On 20/03/2019 03:17, Brian Dickson wrote:
> On Tue, Mar 19, 2019 at 6:42 PM Stephen Farrell <stephen.farr...@cs.tcd.ie>
> wrote:
> 
>>
>> Hiya,
>>
>> One individualistic data point on this sub-topic, and a real point:
>>
>> On 20/03/2019 01:13, Jared Mauch wrote:
>>> My impression is there are people who will not be satisfied until all
>> traffic looks
>>> identical and you have zero way to protect your home,
>>
>> I do not claim that everyone ought do the same, but I absolutely
>> do claim that encouraging voluntary policy adherence by dealing
>> with the people using the n/w is preferable to many egregiously
>> invasive attempts to force technical policy enforcement on
>> unwilling serf-like users.
>>
> 
> So, this is the problem:

There's only one problem?
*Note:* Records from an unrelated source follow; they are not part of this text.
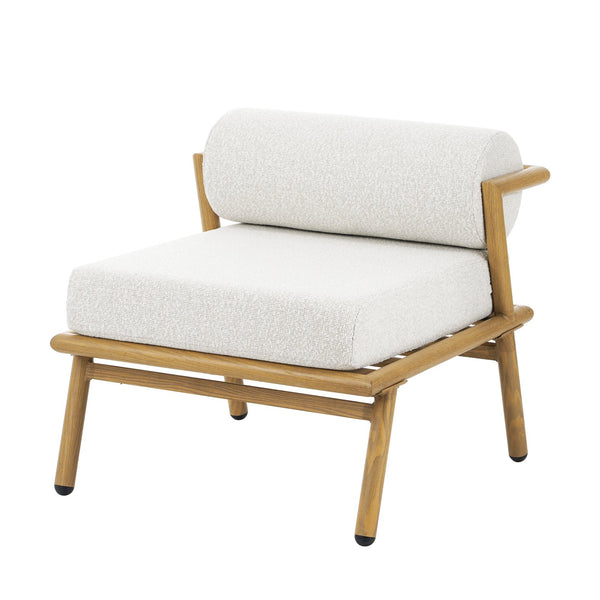 English Elm Christopher Knight Home® - La Fiora Teak-Finish Iron Club Chair Set of 2 with Off-White Outdoor Cushions, Weather-Resistant Luxe Seating N775P247389T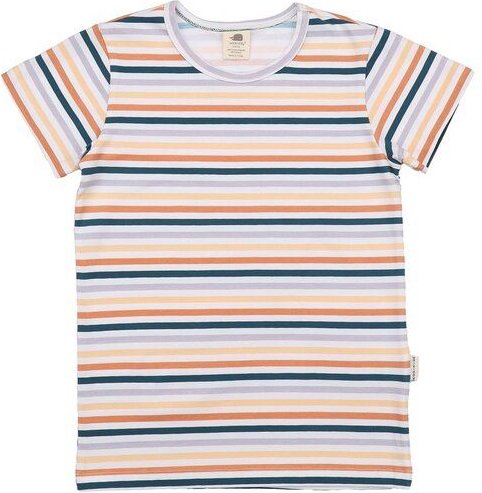 Thumbnail - Baby T-Shirt Colorful Stripes Bio-Baumwolle – bunt gestreiftes Kurzarmshirt von Walkiddy, GOTS-zertifiziert, weich, atmu...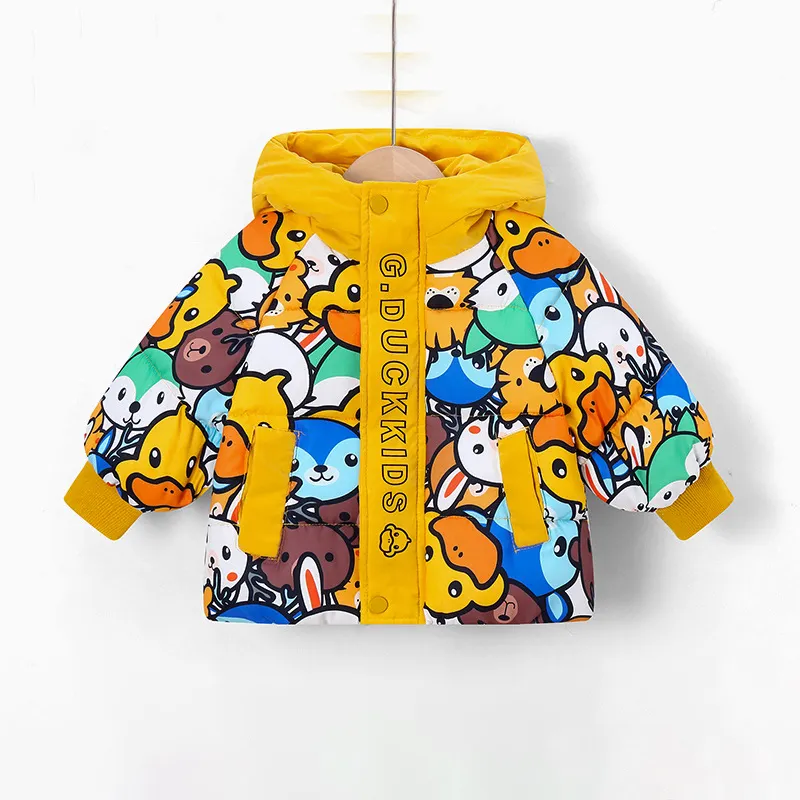 新しいデザイン子供男の子屋外フード付きコートカスタムファブリック幼児冬コート女の赤ちゃんジャケット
Great! :-)

> - If a network operator has any policy that is enforceable, ONLY the
> technical policy enforcement model scales.

My mail was about my policy for my home network and explicitly said
that I do not claim that policy ought be followed by all home networks,
never mind other kinds of network. Your argument about scale is not
therefore relevant. (At least, not unless you want to give up all
argument along the lines of "consider the children.")

My policy, for my network, is as defensible as many others. And that
isn't peculiar to home networks.

> - In such an environment, there are only, ever, "willing users", because,
> in order to use the network, they are required to agree to the policies.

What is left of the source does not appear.